On Sep 17, 2009, at 19:10, Asiri Rathnayake wrote:
Hi,
1) The current implementation mostly build a DOM in memory for
immediately serialized it into a stream. So I
have remove the
intermediate DOM and provide direct streaming of Element content by:
1.1) extending org.dom4j.XMLWriter to allow direct streaming
of Element content into the output stream, as is, or Base64 encoded.

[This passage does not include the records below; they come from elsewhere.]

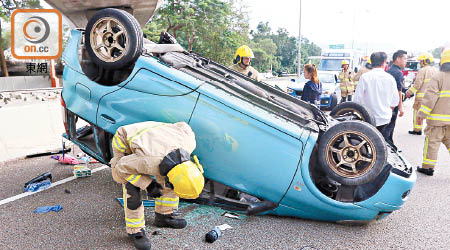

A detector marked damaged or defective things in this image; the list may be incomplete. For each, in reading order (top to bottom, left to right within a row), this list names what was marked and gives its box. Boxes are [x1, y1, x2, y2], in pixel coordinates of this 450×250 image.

overturned car [58, 3, 416, 224]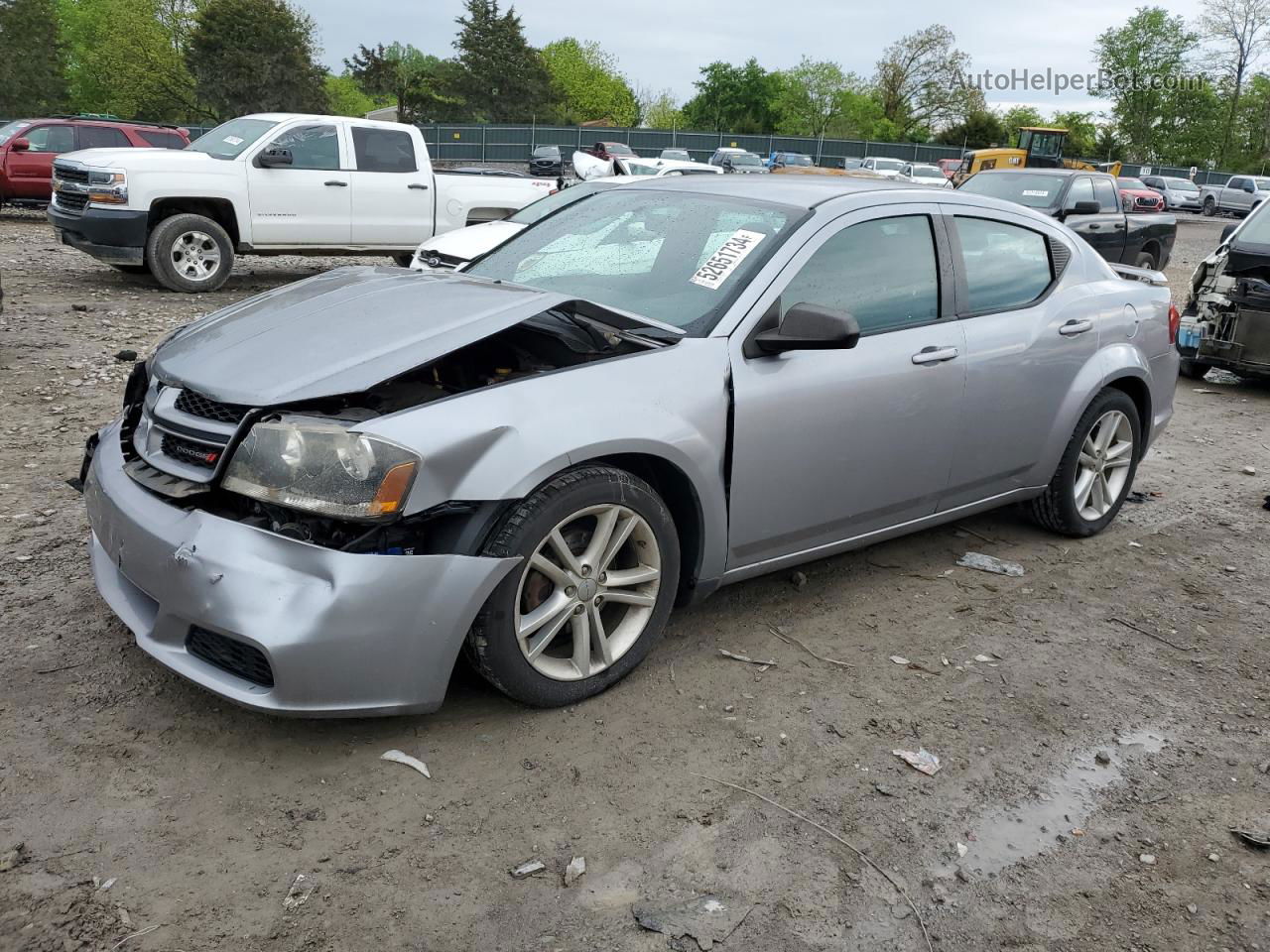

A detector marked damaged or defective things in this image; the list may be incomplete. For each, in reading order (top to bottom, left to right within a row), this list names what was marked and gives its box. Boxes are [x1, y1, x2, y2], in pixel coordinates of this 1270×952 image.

crumpled hood [153, 269, 576, 406]
damaged front end [1183, 230, 1270, 381]
broken headlight [219, 416, 416, 523]
damaged white vehicle [84, 178, 1178, 715]
dented front bumper [85, 420, 520, 721]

Accessorily, my extension also ensure proper pairing of open/close
tag.
1.2) writing a minimal DOMXMLWriter which extends my
XMLWriter and
could be used with the same toXML() code to build a DOMDocument to
provide the toXMLDocument() methods to support the older
implementation unchanged if ever needed.
1.3) using the above, minimal change to the current XML code
was
required
1.3.1) replacing element.add(Element) by either
writer.writeElement)
or writer.writeOpen(Element)
1.3.2) for large content, use my extensions, either
writer.write(Element, InputStream) or writer.writeBase64(Element,
InputStream) which use the InputStream for the element content
I'm not aware of the context so I might be wrong, but can't we use
StAX to
achieve this xml streaming? (
http://www.xml.com/pub/a/2003/09/17/stax.html?page=2)

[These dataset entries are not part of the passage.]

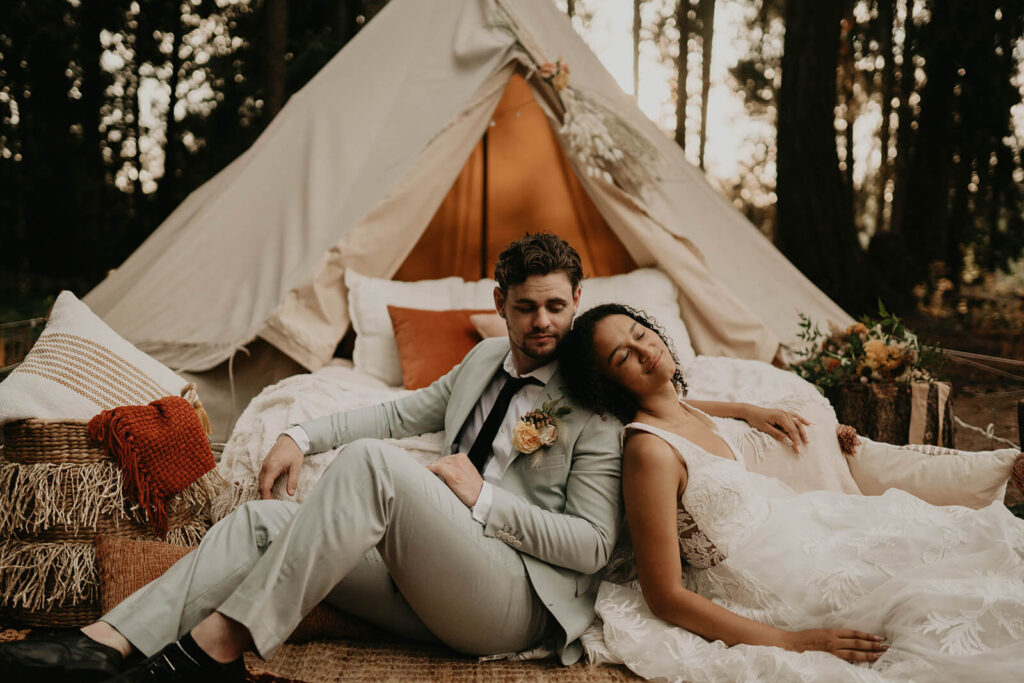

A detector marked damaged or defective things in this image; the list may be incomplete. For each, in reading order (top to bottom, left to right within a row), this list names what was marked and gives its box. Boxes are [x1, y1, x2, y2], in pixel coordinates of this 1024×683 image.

rust knit blanket [87, 395, 214, 540]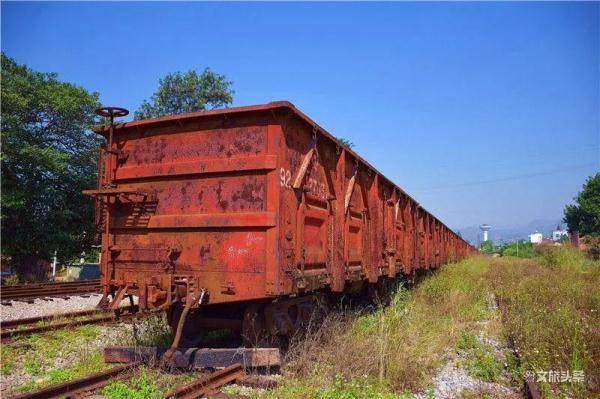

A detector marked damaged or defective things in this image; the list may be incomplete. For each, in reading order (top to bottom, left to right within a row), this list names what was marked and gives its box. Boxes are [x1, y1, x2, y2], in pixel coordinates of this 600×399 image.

rusty freight car [86, 101, 474, 346]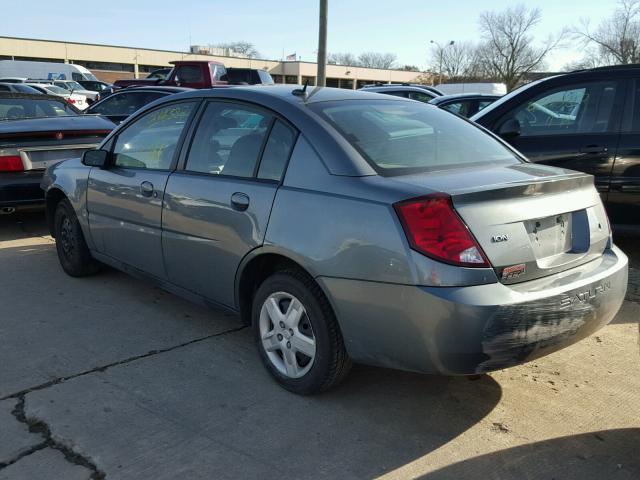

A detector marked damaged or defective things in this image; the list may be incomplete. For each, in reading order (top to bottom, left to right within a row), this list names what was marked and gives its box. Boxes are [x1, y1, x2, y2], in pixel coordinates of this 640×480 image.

asphalt crack [0, 326, 248, 402]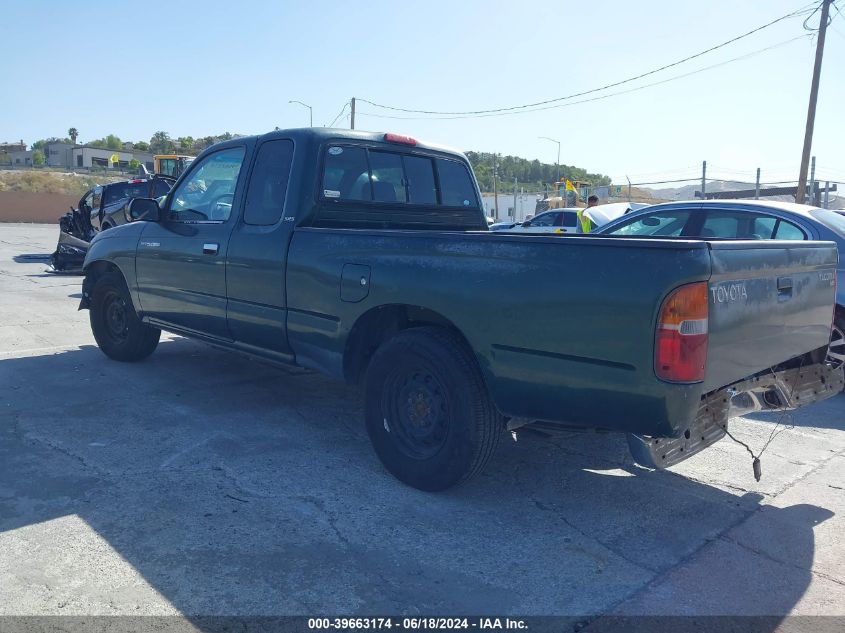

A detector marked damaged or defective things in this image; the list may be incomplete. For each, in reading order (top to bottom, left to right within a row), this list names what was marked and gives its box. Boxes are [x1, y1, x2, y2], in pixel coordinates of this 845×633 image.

cracked pavement [1, 225, 844, 620]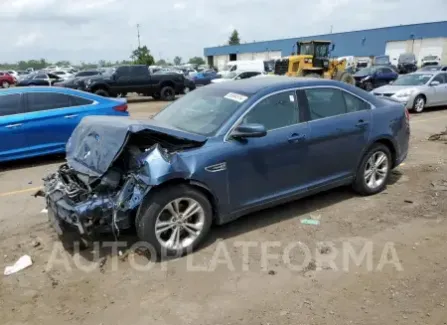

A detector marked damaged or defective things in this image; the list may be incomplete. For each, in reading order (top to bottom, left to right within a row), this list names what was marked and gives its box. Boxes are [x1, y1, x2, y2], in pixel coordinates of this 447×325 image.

crumpled hood [66, 116, 208, 177]
damaged blue sedan [41, 76, 410, 256]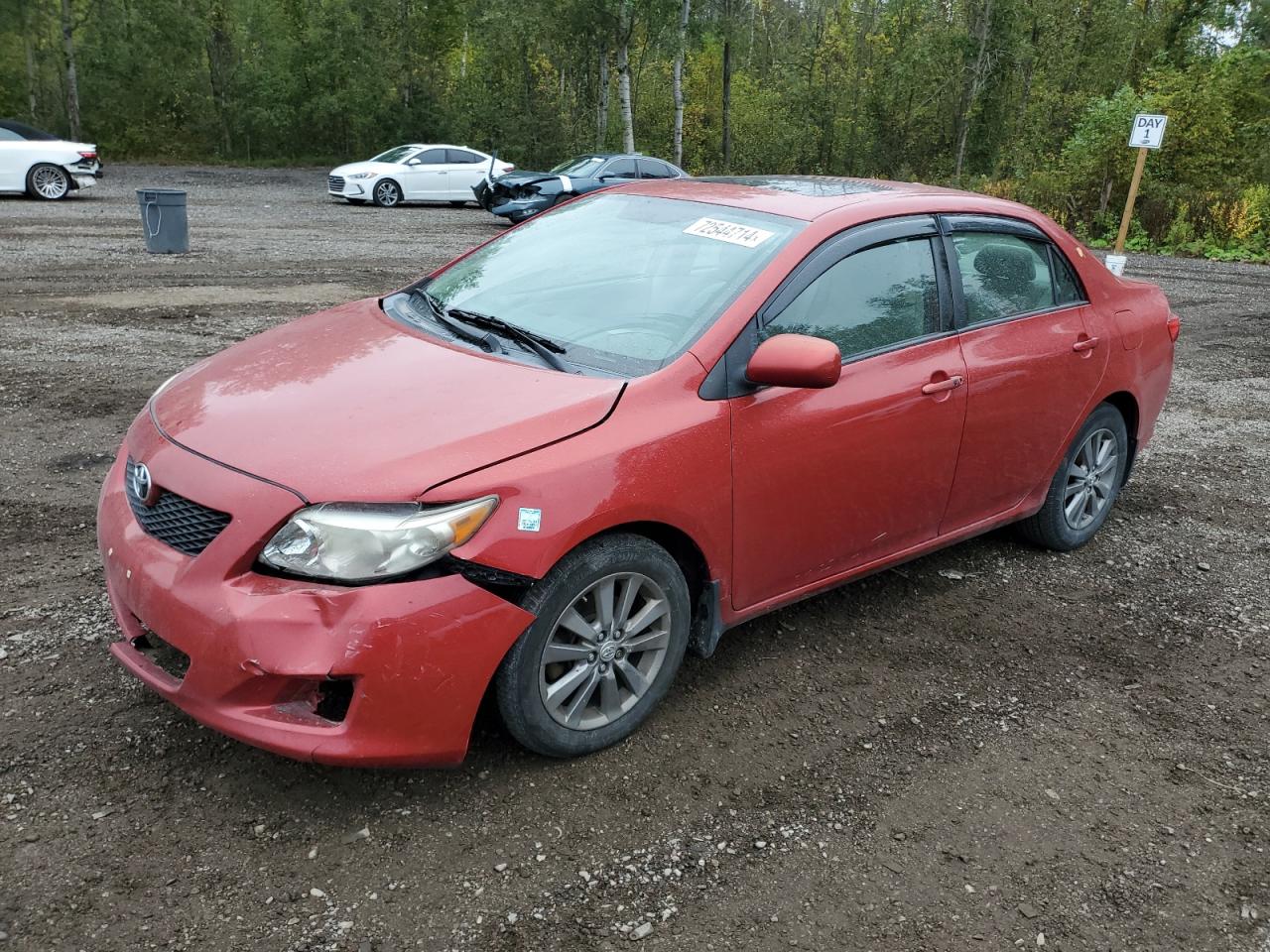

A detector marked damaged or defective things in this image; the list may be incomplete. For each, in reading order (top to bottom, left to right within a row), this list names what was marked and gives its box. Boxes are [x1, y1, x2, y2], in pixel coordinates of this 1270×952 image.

damaged black car [472, 155, 683, 225]
cracked headlight [260, 498, 496, 579]
front bumper damage [98, 415, 536, 766]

In fact, I have not changed the library currently in use (DOM4J),
especially because I want 1.3).
Minimizing code change in the XML processing part avoid the
introduction of new bugs there.
Since the code has to be almost completely rewritten soon or later, I
had prefer this approach for now.
2) The current implementation for binary data
such as attachments and
export zip file is mostly based on in memory byte[] passing from
function to function while these data initially came from a
request.getInputStream() or are written to a response.getOutputStream
(). So I have change these to passover the stream instead of the
data:
2.1) using IOUtils.copy when required
2.2) using org.apache.commons.codec.binary.Base64OutputStream
for base64 encoding when required
2.3) using an extension of ZipInputStream to cope with
unexpected close()
2.4) avoid buffer duplication in favor of stream filters
Sounds good. May be FileUploadPlugin should also pass streams
instead of
data so we do not run out of memory.(
http://maven.xwiki.org/site/xwiki-core-parent/xwiki-core/apidocs/com/xpn/xw…
)
This is in my patch already ;)
But, due to 3), this is not enough to prevent out of memory
completely, this put the limit higher for export but not much for
upload. Of course, this is no more an issue of the plugin now. Storage
and caching are were improvement should go later.
3) Since most oftently used large data came from
the database through
an attachment content, it would be nice to have these attachment
streamed from the database when they are too large. However, I feel
that it is still too early to convert our binary into a blob, mainly
because HSQLDB and MySQL still does not really support blob, just an
emulation. These are also used to be cached in the document cache,
and
this will require improvement to support blob. However I propose to
take the occasion to go in the direction of the blob by:
3.1) deprecating setContent(byte[]) and Byte[] getContent()
in favor
of newly created setContent(InputStream, int), InputStream
getContentInputStream() and getSize()
3.2) Begin to use these new function as much as possible as 2)
implied
3.3) this also open the ability to store attachment in another
repository that support better the streaming aspect (ie: a
filesystem)
+1
Still, I wonder if streaming blobs from databases is a mature
technology.
(Mysql has an extension :
http://blobstreaming.org/)
Well, I was not thinking about direct streaming, but using classical
blob with a Locator, which is not much supported by open source
databases. As far as I know, Oracle began to do it quite well
beginning with 9.x version, but there is still some caveat. So I
prefer to first provide an interface that allow the switch and put the
switch in another patch when appropriate. This one is already large
enough and it move an issue that is everywhere in the core, to a
single place. (Almost, since Archive is not yet fixed).
Keep up the good work :)
Thanks ;)
Denis